*Exercise description*. If an entry below contains an image, drop the image and retype the rest exactly.
START Data provided
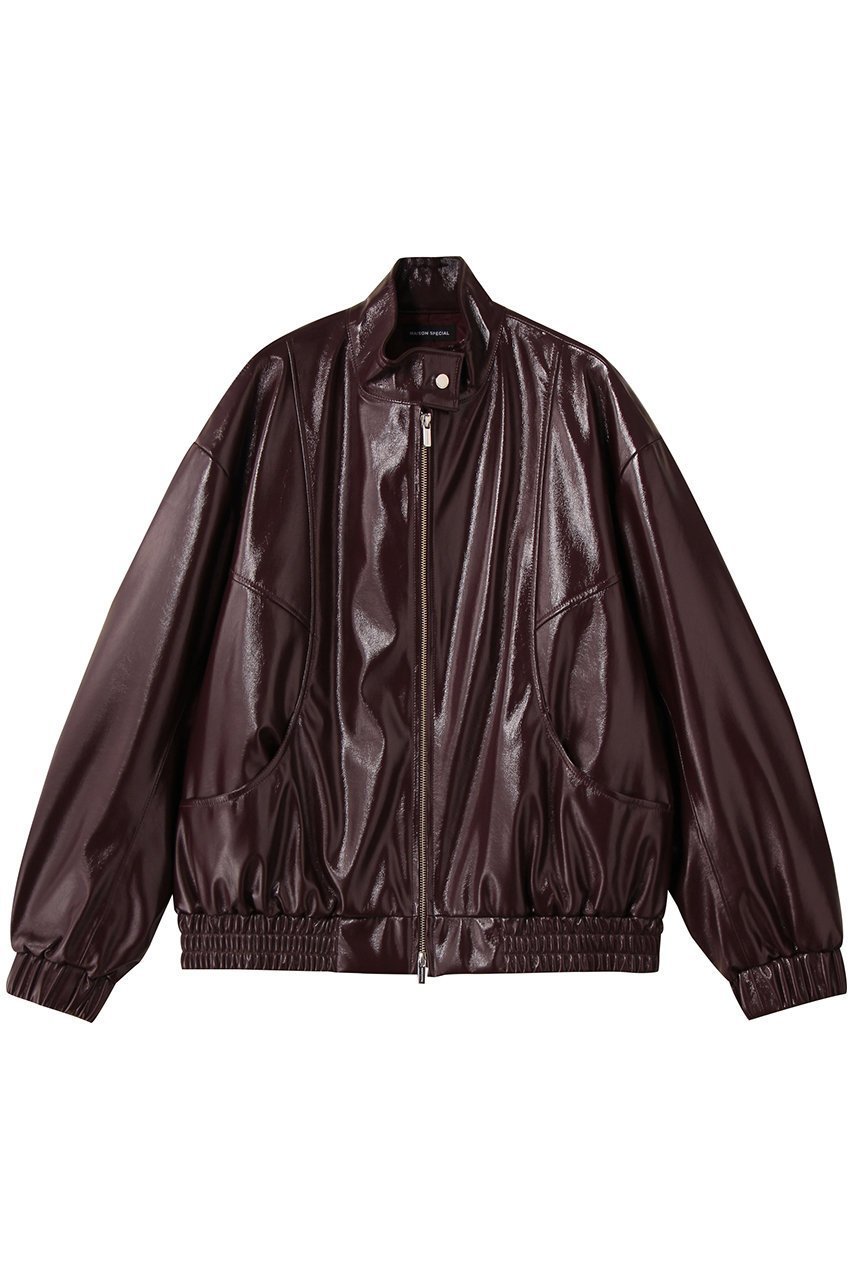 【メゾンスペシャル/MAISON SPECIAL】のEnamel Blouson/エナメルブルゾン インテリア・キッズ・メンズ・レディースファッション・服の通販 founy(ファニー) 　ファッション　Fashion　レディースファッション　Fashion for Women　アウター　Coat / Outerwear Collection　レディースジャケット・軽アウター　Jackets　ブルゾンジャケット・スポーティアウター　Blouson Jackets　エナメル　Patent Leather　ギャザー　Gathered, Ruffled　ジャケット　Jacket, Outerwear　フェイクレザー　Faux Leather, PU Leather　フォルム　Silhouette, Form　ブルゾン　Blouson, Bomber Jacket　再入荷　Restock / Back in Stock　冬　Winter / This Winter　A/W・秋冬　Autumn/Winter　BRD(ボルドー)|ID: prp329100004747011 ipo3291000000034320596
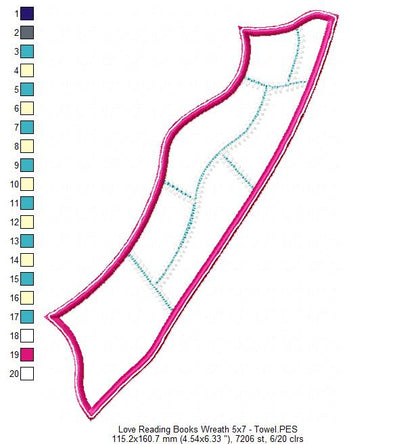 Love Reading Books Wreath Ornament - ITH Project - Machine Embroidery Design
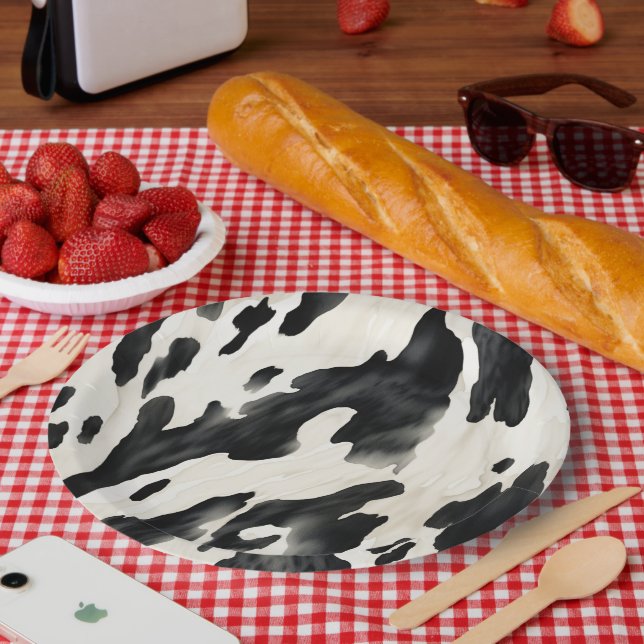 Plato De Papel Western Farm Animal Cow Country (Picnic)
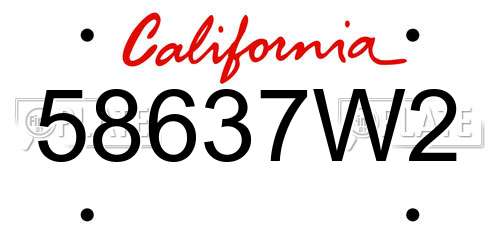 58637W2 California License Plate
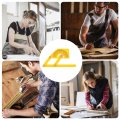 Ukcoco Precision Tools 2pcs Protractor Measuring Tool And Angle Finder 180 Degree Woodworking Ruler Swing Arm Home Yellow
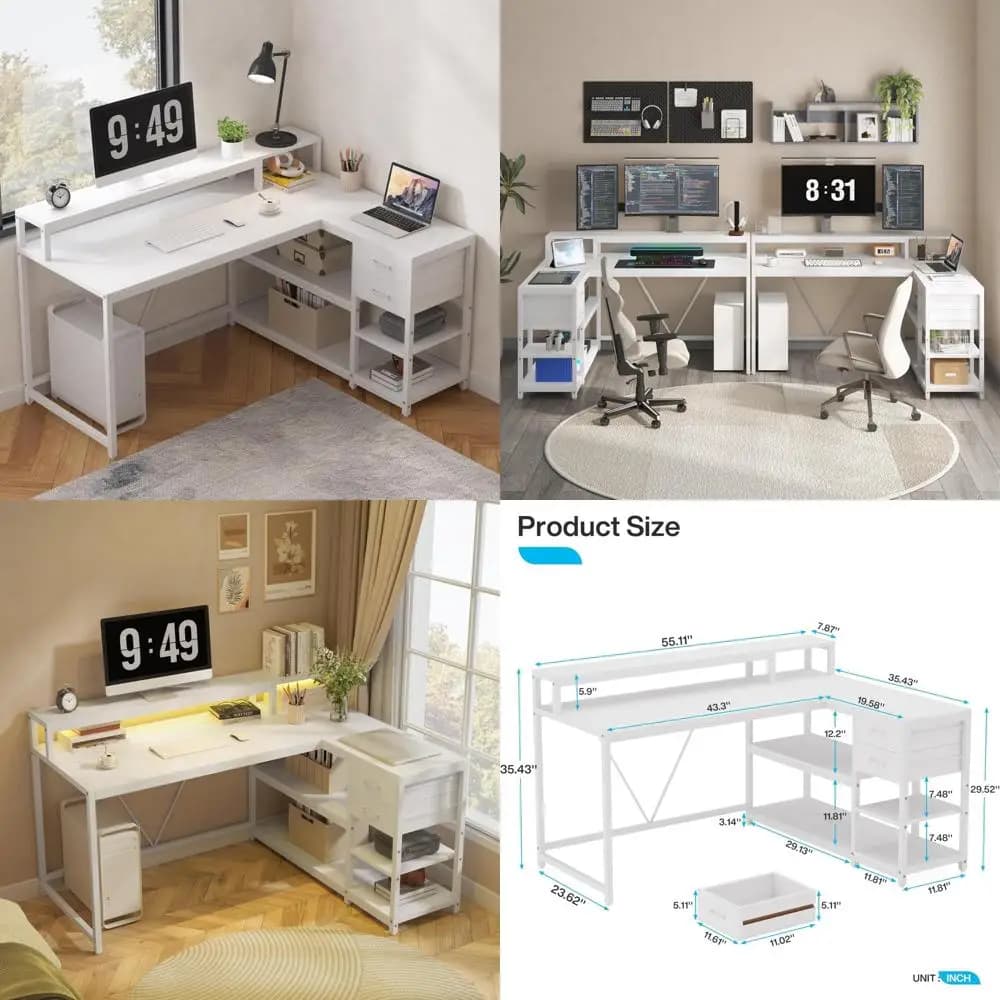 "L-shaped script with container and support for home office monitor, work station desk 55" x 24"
END Data provided
*Task answer*.
 【メゾンスペシャル/MAISON SPECIAL】のEnamel Blouson/エナメルブルゾン インテリア・キッズ・メンズ・レディースファッション・服の通販 founy(ファニー) 　ファッション　Fashion　レディースファッション　Fashion for Women　アウター　Coat / Outerwear Collection　レディースジャケット・軽アウター　Jackets　ブルゾンジャケット・スポーティアウター　Blouson Jackets　エナメル　Patent Leather　ギャザー　Gathered, Ruffled　ジャケット　Jacket, Outerwear　フェイクレザー　Faux Leather, PU Leather　フォルム　Silhouette, Form　ブルゾン　Blouson, Bomber Jacket　再入荷　Restock / Back in Stock　冬　Winter / This Winter　A/W・秋冬　Autumn/Winter　BRD(ボルドー)|ID: prp329100004747011 ipo3291000000034320596
 Love Reading Books Wreath Ornament - ITH Project - Machine Embroidery Design
 Plato De Papel Western Farm Animal Cow Country (Picnic)
 58637W2 California License Plate
 Ukcoco Precision Tools 2pcs Protractor Measuring Tool And Angle Finder 180 Degree Woodworking Ruler Swing Arm Home Yellow
 "L-shaped script with container and support for home office monitor, work station desk 55" x 24"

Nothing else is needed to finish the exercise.